**PROBLEM DESCRIPTION**
Could you retype only the lines from the one containing "Cops charge Alyssa" through the final line of the entries, both included, skipping any images?

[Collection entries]
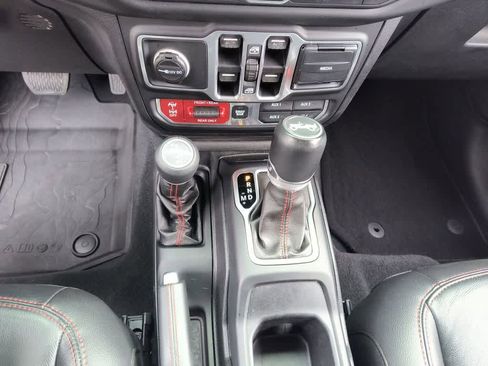 Used 2018 Jeep Wrangler Unlimited Rubicon image 19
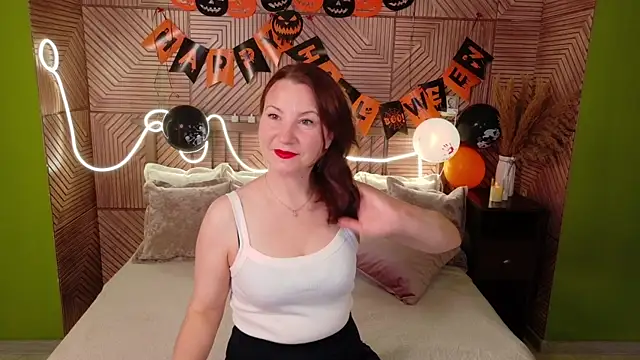 Snapshot of AliceeShy chatting on November 2025 09:41:01 PM AliceeShy online show from November 2025 09:41:01 PM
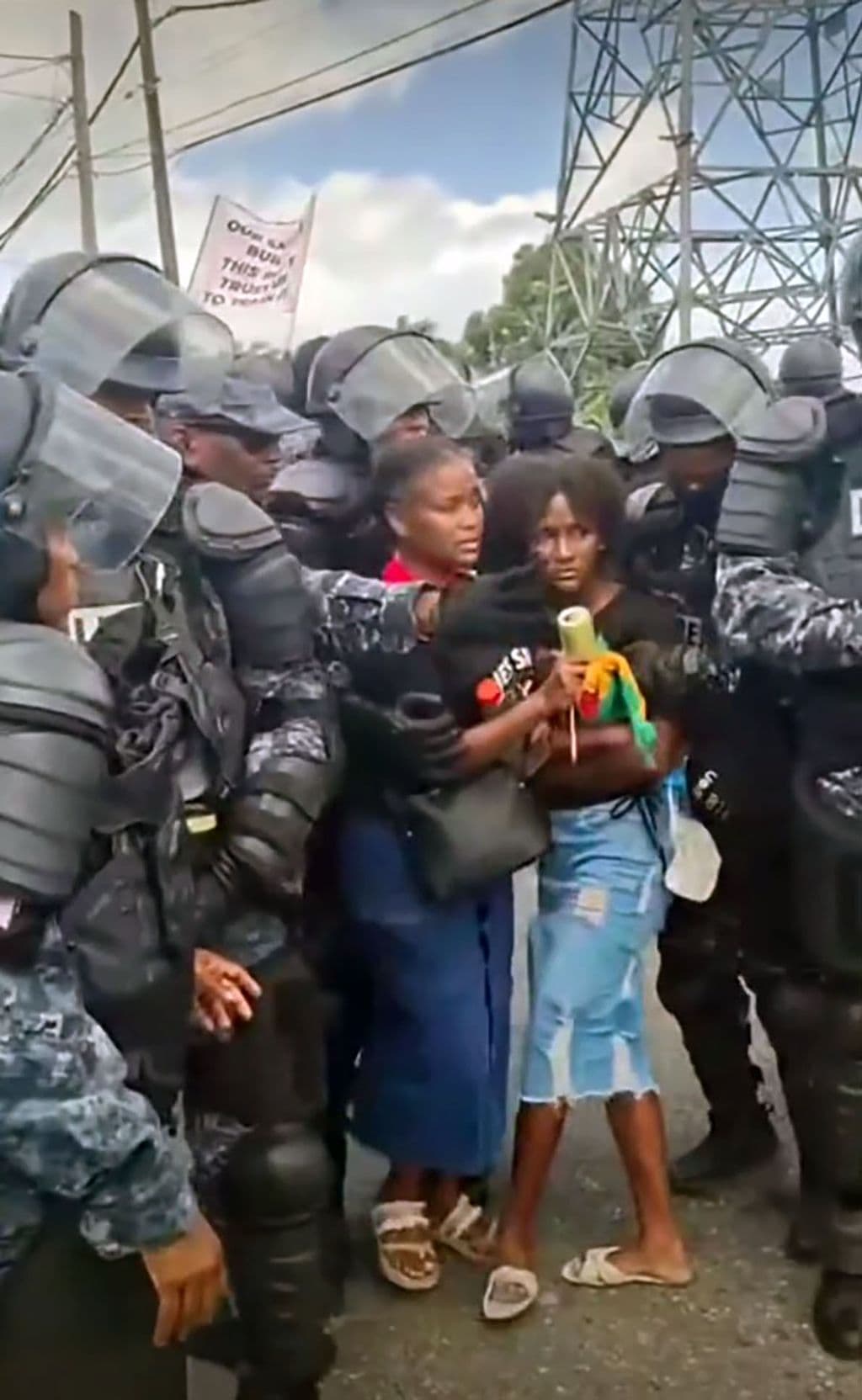 Cops charge Alyssa Phillip with resisting arrest, disorderly behaviour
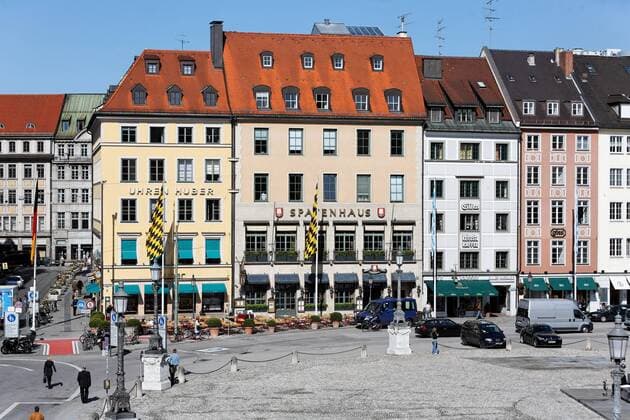 Spatenhaus Bogner am Münchner Max-Joseph-Platz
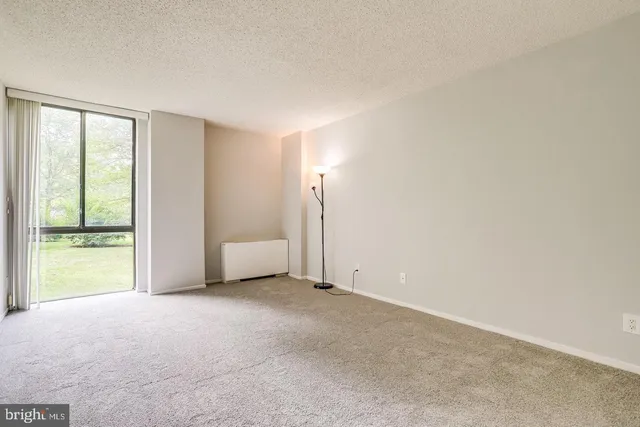 $258,000 | 2300 Pimmit Drive, Unit 102, Falls Church, VA 22043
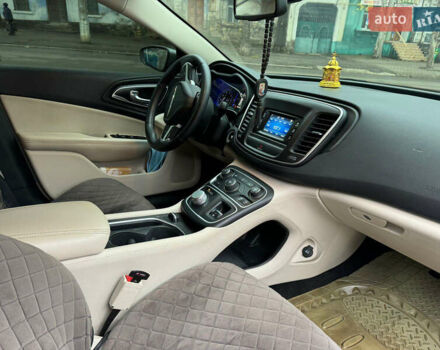 Крайслер 200 2014 в Николаеве на Automoto.ua Серый Крайслер 200, объемом двигателя 2.4 л и пробегом 250 тыс. км за 8500 $, фото 4 на Automoto.ua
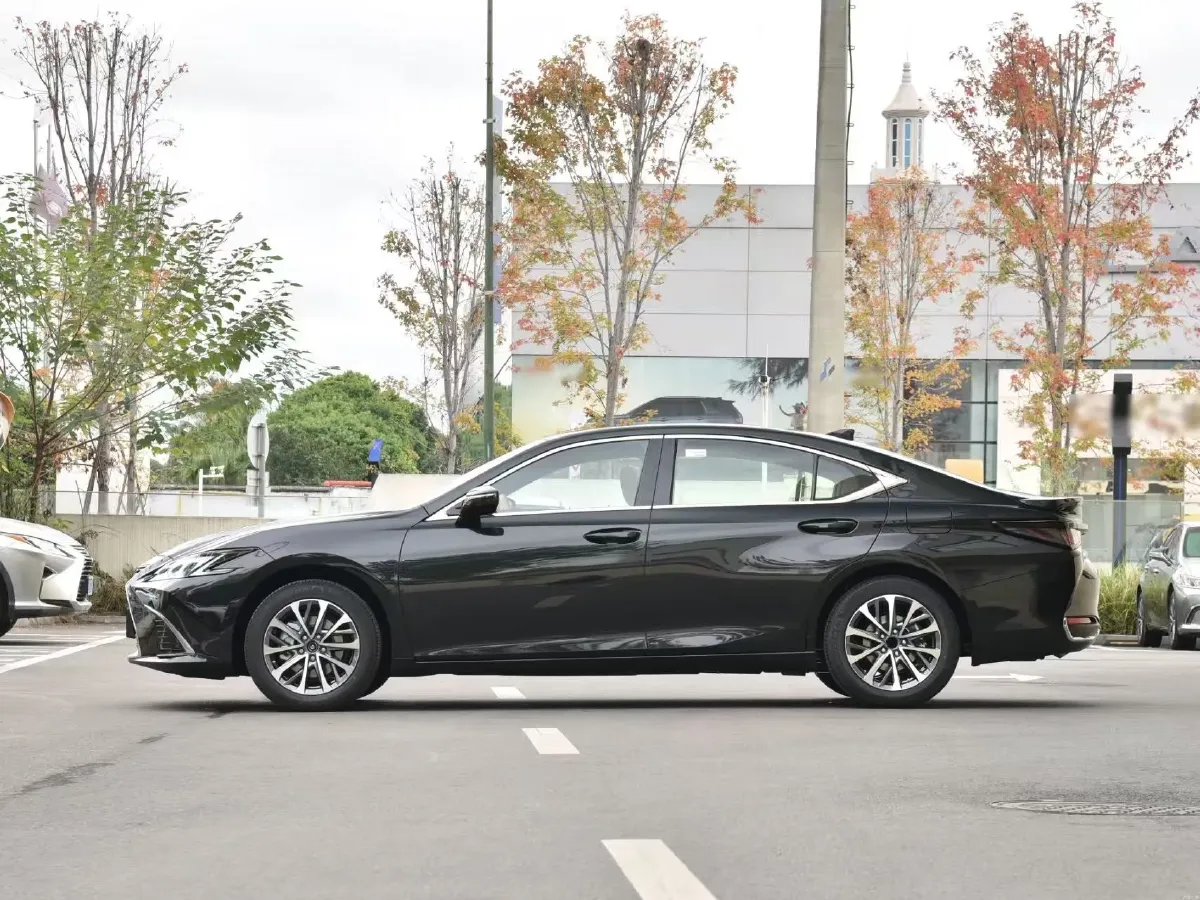 2025 Lexus ES 2.0L 173HP L4 CVT,autocango,china used car exporter,china ev exporter,chinese used car exporter,chinese used ev exporter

**REPLY**
 Cops charge Alyssa Phillip with resisting arrest, disorderly behaviour
 Spatenhaus Bogner am Münchner Max-Joseph-Platz
 $258,000 | 2300 Pimmit Drive, Unit 102, Falls Church, VA 22043
 Крайслер 200 2014 в Николаеве на Automoto.ua Серый Крайслер 200, объемом двигателя 2.4 л и пробегом 250 тыс. км за 8500 $, фото 4 на Automoto.ua
 2025 Lexus ES 2.0L 173HP L4 CVT,autocango,china used car exporter,china ev exporter,chinese used car exporter,chinese used ev exporter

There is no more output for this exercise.